Great Britain was once known as the power that ruled the seas. In the world of Ezekiel's day, it was Tyre who built a worldwide (in the world they knew) empire. Unlike Babylon and Assyria, whose empires were built with military might, Tyre built its empire on commerce. Doing business from Spain in the west to Armenia and beyond the Black Sea in the east, Tyre was a merchandising and shipping giant in the ancient world. Tyre’s cargo ships, with their own mercenary security forces, plied the waters of the Mediterranean. They delivered a vast and varied inventory, ranging from slaves, work horses and war horses to exotic luxury goods, to markets and customers far from their source.
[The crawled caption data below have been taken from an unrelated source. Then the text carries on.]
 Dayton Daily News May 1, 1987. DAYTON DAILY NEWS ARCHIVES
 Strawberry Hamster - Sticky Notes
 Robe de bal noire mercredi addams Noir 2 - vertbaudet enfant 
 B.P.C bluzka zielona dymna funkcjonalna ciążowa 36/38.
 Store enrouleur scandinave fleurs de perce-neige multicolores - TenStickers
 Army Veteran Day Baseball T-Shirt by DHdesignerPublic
Chapter 27 is a lamentation, a funeral song, wrapped around an extensive summary of markets and merchandise that made Tyre both wealthy and powerful. It aptly employs the image of a fine ship, loaded with cargo and passengers, sailing the open seas. But the song describes a powerful east wind that came and wrecked the great ship, sending everything and everyone aboard it deep into their watery grave in the heart of the sea.

The song is about a shipwreck, but the ship stands for the proud and prosperous city of Tyre. In Chapter 26, the LORD told Ezekiel that this great ruin was coming to Tyre because the Tyrians rejoiced when Jerusalem fell to Babylon. Why did they rejoice? They were glad because a competitor was no longer in business. Three of the main overland trade routes from the East passed through Jerusalem. The gatekeepers collected taxes on merchandise that passed through the city. When the city was destroyed, traders from the east would travel a few more miles to the Mediterranean coast to ship their goods at Tyre. Jerusalem's fall would make Tyre's profits rise. Their delight betrayed their cruel selfishness. More money meant more than someone else's misery. Increased wealth mattered more than their old treaties with Israel from the time of David and Hiram.
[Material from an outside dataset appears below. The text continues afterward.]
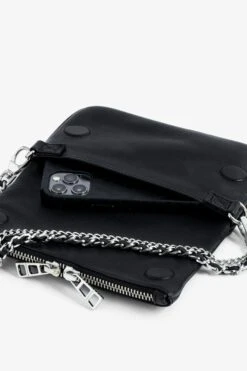 Zadig & Voltaire Swing Your Wings Rock Nano Clutch Noir Silver 10 Zadig & Voltaire Swing Your Wings Rock Nano Clutch Noir Silver -Zadig & Voltaire Shop lwba00211 noir 5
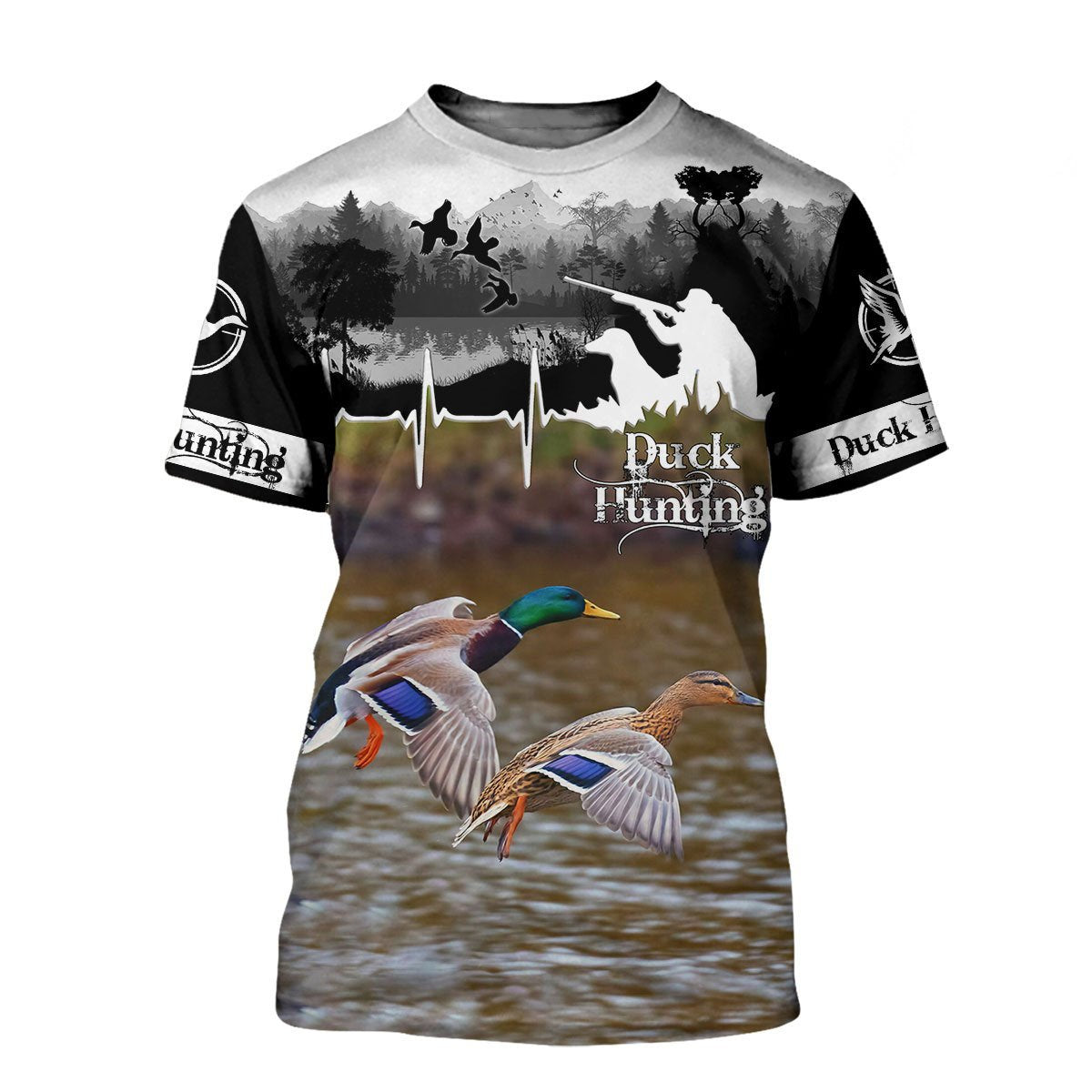 Mallard Duck Hunting 3D All Over Printed Shirts for Men and Women TT0003-Apparel-TT-Hoodie-S-Vibe Cosy™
Nebuchadnezzar was the east wind that would sink the great ship of Tyre. The same Chaldean armies that besieged and brought down Jerusalem were coming for Tyre. Jerusalem's siege lasted only eleven months; Tyre's lasted thirteen years. The siege was like an embargo to all trade. No ships went out or in. Tyre’s economic empire crumbled. More waves of invaders would come, conquer and finally erase Tyre as a city and a people, just as Ezekiel prophesied.

Tyre was rich. She was "the merchant of the peoples to many coastlands." Tyre was proud. She proclaimed, "I am perfect in beauty." But when the song asked, "Who is like Tyre?", it wasn't talking about Tyre's riches or power. No, that line in the lament continued, "like one destroyed in the midst of the sea."

Tyre ruled the seas and knew no boundaries. Like the giant online merchant Amazon, they sold just about whatever one wanted to acquire, and could deliver it wherever as well. But when God pronounced their doom, they were powerless against his decree. Remember that these events were still in the future when Ezekiel spoke them. But he described their ruin in that strange "telling the future as if it were the past " verb tense that God's prophets often used. The last line of the song was not yet an accomplished fact, but it would be: "You have come to a dreadful end, and shall be no more forever."

What's here for you and me? We need this reminder that our love for God must come before and shape our attitudes about material things. Whatever we love or value more than God will be lost, and there is no one who can prevent that or save us from it. Tyre had an army of mercenaries who guarded them and their treasures. But they were defenseless when God unleashed the east wind of Babylon. Their protectors went down with the ship.

Let's also see this story as a reminder of what Solomon said about pride: "Pride goes before destruction, and a haughty spirit before a fall." We must not allow our wealth or our strength to deceive us. When we start trusting anything more than we trust God, we will forget him and suffer the consequences. Let’s ask God to save us from such self-destructive thinking and behavior.


Copyright © 2024 by Michael B. McElroy. Used by permission. All rights reserved.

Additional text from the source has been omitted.